We know we need to eat our greens, and what better time than first thing in the morning! This Green Goddess Eggs Benedict combines healthy spinach, avocado and optional poached eggs with a simple homemade dill hollandaise. It is seriously SO good! I took this to a whole new level with lightly toasted slices of Stonemill Authentic Sourdough Rye Multigrain which ended up being the perfectttt base for my new favourite savory breakfast.
Stonemill believes (like all great things) great bread takes time. Their dough is naturally fermented for up to 12 hours to allow the flavours to develop over time, creating a flavourful, wholesome bread. They also use non-GMO ingredients, no artificial flavours and no artificial preservatives. Making it kind of a no brainer in the bread aisle! Note that you can get it exclusively at Costco in BC.
In the Green Goddess Eggs Benedict, I knew I wanted a recipe that was fun to make and most of all – uncomplicated! Let’s face it, we have enough of that in our lives. Making traditional hollandaise can be challenging for even the best of chefs, so this simplified version is a welcome alternative. Using mayonnaise, sour cream, Dijon mustard, lemon juice and fresh dill, you will have a vibrant flavourful and fail-proof dill hollandaise in no time!
How to Make the Perfect Poached Egg
The perfect poached egg is easier than it may seem! Here are a couple tips to guarantee a picture-perfect egg for this Green Goddess Eggs Benedict.
- Use vinegar! I add about 1 tablespoon of distilled white vinegar into my boiling water. It helps keep your egg white together.
- Don’t crack the eggs straight into the pot.
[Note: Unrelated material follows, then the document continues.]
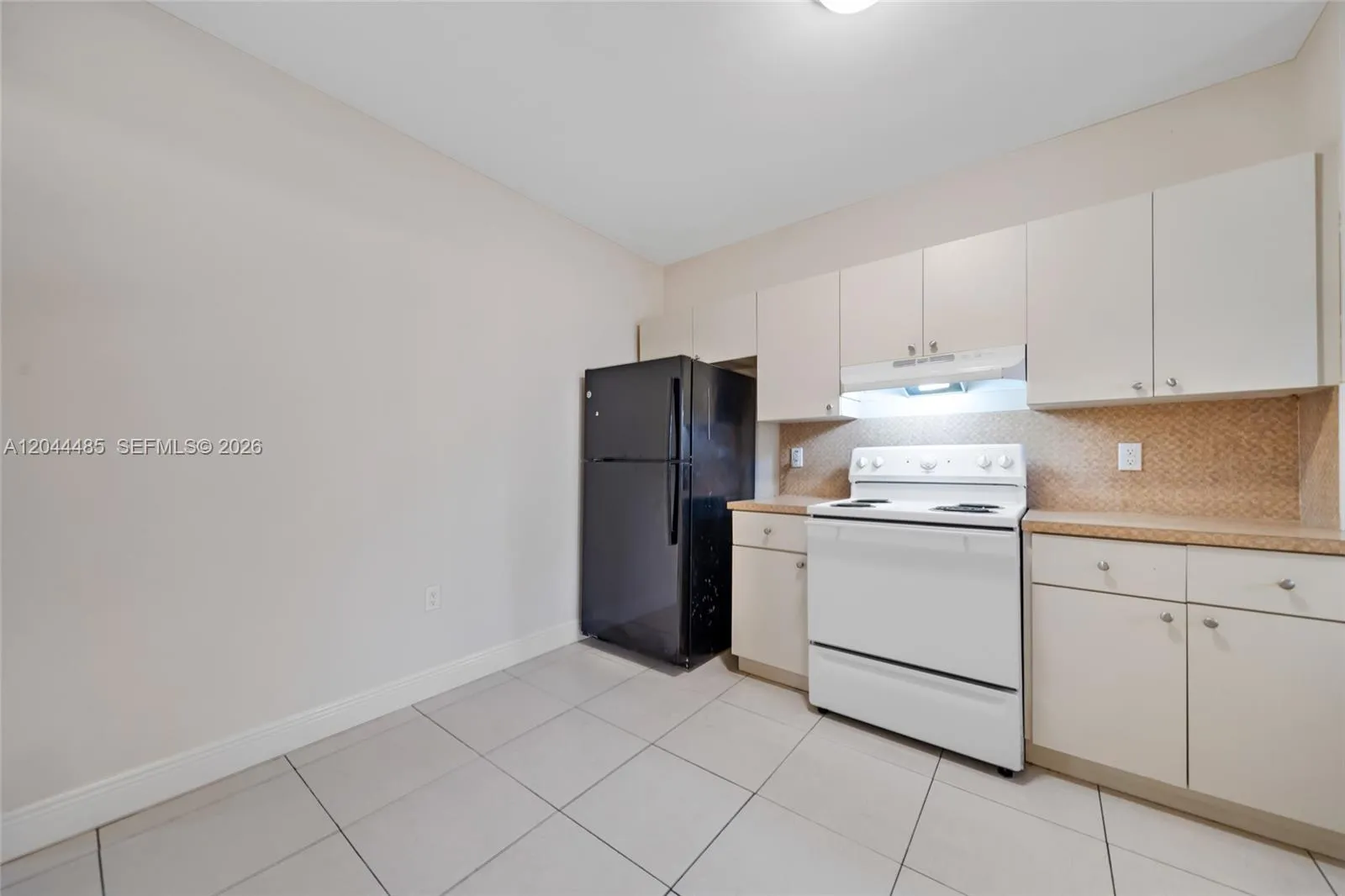 Property photo 96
Crack them into a ramekin or small bowl first, and gently add to the pot of low boiling water, stirring the water in a circular motion as you add the eggs to keep the egg whites together.
- For a firm egg white and runny yolk, cook for around 3-4 minutes.
- Remove from the water with a slotted spoon and place on a plate lined with paper towel before placing on your toast to keep the water out of your breakfast before enjoying!
Recipes Using Bread
There are so many great ways to enjoy a wholesome good quality bread! I mean, toasted with some butter or nut butter is hard to beat. But some other ways to use the Stonemill Authentic Sourdough Rye Multigrain include:
- Avocado Toast with Everything Bagel Seasoning
- Toast to use it as the topping for French Onion Soup
- Enjoy with natural peanut butter and Homemade Chia Jam
- Use in your favourite sandwiches piled high with all the fixings!
Stonemill Bakehouse bread is available exclusively at Costco. Visit your nearest location to pick-up a loaf of Stonemill Authentic Sourdough Rye Multigrain and try this Green Goddess Eggs Benedict Recipe.
Green Goddess Eggs Benedict
Green Goddess Eggs Benedict
A lot of goodness can be found within this Green Goddess Eggs Benedict. Healthy spinach, creamy avocado, a poached egg, all topped with a homemade dill hollandaise.
- ¼ cup mayonnaise
- ¼ cup sour cream
- 1 teaspoon fresh lemon juice
- ½ teaspoon Dijon mustard
- 1 teaspoon chopped fresh dill plus more for garnish
- Salt & pepper to taste
- 1 teaspoon white vinegar
- 4 eggs
- 1 cup fresh spinach leaves
- 1 avocado sliced
- 4 slices Stonemill Bakehouse Authentic Sourdough Rye Multigrain lightly toasted
For the Hollandaise
Pour an inch of water into a small pot and bring to a simmer over medium heat.
In a glass bowl, whisk together the mayonnaise, sour cream, lemon juice and Dijon mustard.
Place glass bowl over the simmering water. Whisk mixture together until warmed, add the dill and season to taste with salt and pepper. Keep warm until ready to serve.
For Poaching the Eggs
Fill a large frying pan or shallow pot three quarters full with water and add the vinegar. Bring to a gentle boil. Crack eggs into individual small bowls or ramekins, gently stir the water in a circular motion and drop eggs into the water. For soft eggs cook 3-4 minutes or longer as desired.
Us a slotted spoon to remove the eggs from the water and let them rest briefly on a paper towel to absorb the excess water.
While the eggs are cooking, toast the Stonemill Sourdough Rye Bread, butter If desired, and layer on the fresh spinach, sliced avocado and eggs, Top with a dollop of warm hollandaise. Garnish with more fresh dill and enjoy!